One of the greatest issues of our time is that of global food security -- more specifically, will the agricultural sector be able to successfully rise to the challenge of producing enough food to feed an increasing world population that is projected to reach 9 billion people just three decades from now? This critical question has been asked by numerous scientists and policy makers; and it has gathered more attention in recent years in light of predictions that rising temperatures may negatively impact future crop yields.

The latest researcher to weigh-in on the subject is Mariani (2017), who utilized a physiological-process-based crop simulation model to estimate the change in food production under five different temperature and CO2 scenarios for four crops (wheat, maize, rice and soybean) that account for two-thirds of total global human caloric consumption. The scenarios included Today, Pre-Industrial, Glacial, Future_560 and Future_800, which correspond to respective atmospheric CO2 concentrations of 400, 280, 180, 560 and 800 ppm, and temperatures that were -1 (Pre-Industrial), -6 (Glacial), +2 (Future_560) and +4 °C (Future_800) different from the Today scenario. And what did the author's model reveal?

As illustrated in the figure below, Mariani notes that a "return to a glacial period would reduce by 51% the global productivity for thermal (low temperatures) and nutritional (low levels of CO2) reasons," whereas a return to pre-industrial conditions would reduce global production of the four keystone crops by 18 percent. Looking to the future, however, Mariani notes that increases in both CO2 and temperature would improve production, increasing the combined production of wheat, maize, rice and soybean by 15 and 24 percent above today's values.

Commenting on his findings and looking to the past, Mariani writes that "the return of temperature and CO2 to glacial or pre-industrial values would give rise to serious disadvantages for food security and should be as far as possible avoided, as also highlighted by the results of Cage and Coleman (2001) and Araus et al. (2003)" (emphasis added). And with an eye to the future, Mariani says that "the agricultural sector is able to successfully meet the challenge of global change and guarantee food security to levels higher than the current ones for a world population that in 2050 will exceed 9 billion people," to which we would add -- only if governments avoid implementing CO2 emission reduction schemes, which schemes are appearing more and more to be akin to genocide.

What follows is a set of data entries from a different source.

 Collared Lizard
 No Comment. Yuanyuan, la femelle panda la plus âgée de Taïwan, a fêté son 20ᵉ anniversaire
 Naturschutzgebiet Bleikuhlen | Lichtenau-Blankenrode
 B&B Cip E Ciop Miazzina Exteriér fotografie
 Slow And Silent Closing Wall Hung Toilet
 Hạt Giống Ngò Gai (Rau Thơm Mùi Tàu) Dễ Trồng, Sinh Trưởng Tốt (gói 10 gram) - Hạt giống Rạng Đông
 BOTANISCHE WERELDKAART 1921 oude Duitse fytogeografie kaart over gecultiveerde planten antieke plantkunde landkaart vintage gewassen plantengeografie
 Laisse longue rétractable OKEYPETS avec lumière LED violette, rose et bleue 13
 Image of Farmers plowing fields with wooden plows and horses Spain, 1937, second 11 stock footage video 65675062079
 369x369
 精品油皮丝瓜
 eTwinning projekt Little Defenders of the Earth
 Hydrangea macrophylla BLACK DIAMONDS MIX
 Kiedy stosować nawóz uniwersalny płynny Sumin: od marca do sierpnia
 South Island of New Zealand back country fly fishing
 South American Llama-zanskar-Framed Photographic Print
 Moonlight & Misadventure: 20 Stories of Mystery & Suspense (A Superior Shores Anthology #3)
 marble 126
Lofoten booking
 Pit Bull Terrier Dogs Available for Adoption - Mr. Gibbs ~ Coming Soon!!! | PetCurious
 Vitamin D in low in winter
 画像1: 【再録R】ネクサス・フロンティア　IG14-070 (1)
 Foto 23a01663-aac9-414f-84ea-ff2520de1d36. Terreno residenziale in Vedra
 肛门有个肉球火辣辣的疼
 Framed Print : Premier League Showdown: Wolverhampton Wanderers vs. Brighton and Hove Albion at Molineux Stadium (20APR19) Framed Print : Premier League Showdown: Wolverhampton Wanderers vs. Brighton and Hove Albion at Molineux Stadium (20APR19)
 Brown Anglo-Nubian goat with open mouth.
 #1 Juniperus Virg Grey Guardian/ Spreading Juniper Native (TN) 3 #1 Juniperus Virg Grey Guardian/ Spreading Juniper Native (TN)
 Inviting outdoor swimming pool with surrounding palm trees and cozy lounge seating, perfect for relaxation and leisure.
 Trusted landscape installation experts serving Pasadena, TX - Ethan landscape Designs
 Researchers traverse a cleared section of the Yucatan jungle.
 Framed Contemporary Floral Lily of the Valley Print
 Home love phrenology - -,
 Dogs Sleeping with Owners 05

Figure 1. Percent change in the combined production of wheat, maize, rice and soybean under five different temperature and CO2 scenarios (as described in the text above). Source: Mariani (2017).

References
Araus, J.L., Slafer, G.A., Buxó, R. and Romagosa, R. 2003. Productivity in prehistoric agriculture: physiological models for the quantification of cereal yields as an alternative to traditional approaches. Journal of Archaeological Science 30: 681-693.

Sage, R.F. and Coleman, J.R. 2001. Effects of low atmospheric CO2 on plants: more than a thing of the past. Trends in Plant Science 6: 18-24.